EXERCISE PROMPT = After locating the line that contains "Women's D-Cup V-Neck" in the records below, write out exactly that line and each line after it through the one that contains "粉色 羊皮 AS1160", and nothing else.

——

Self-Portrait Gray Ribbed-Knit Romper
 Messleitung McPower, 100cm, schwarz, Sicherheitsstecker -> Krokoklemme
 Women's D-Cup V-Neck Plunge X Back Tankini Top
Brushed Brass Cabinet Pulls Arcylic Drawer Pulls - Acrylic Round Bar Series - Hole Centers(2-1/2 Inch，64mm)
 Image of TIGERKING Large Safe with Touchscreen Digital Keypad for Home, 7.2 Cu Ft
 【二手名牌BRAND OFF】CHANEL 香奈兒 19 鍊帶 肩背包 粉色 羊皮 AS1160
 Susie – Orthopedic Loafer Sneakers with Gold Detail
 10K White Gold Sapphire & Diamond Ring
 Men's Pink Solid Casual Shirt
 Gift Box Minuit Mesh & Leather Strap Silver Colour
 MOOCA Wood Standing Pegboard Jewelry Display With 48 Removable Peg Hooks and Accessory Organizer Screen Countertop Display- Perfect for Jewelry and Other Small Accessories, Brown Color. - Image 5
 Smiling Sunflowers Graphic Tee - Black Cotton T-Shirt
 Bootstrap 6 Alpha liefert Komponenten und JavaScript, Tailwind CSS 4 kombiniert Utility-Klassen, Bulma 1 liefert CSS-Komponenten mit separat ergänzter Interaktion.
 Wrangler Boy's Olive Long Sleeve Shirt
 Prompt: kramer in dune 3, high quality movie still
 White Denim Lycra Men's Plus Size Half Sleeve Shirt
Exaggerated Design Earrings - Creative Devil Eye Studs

——

COMPLETED TASK =
 Women's D-Cup V-Neck Plunge X Back Tankini Top
Brushed Brass Cabinet Pulls Arcylic Drawer Pulls - Acrylic Round Bar Series - Hole Centers(2-1/2 Inch，64mm)
 Image of TIGERKING Large Safe with Touchscreen Digital Keypad for Home, 7.2 Cu Ft
 【二手名牌BRAND OFF】CHANEL 香奈兒 19 鍊帶 肩背包 粉色 羊皮 AS1160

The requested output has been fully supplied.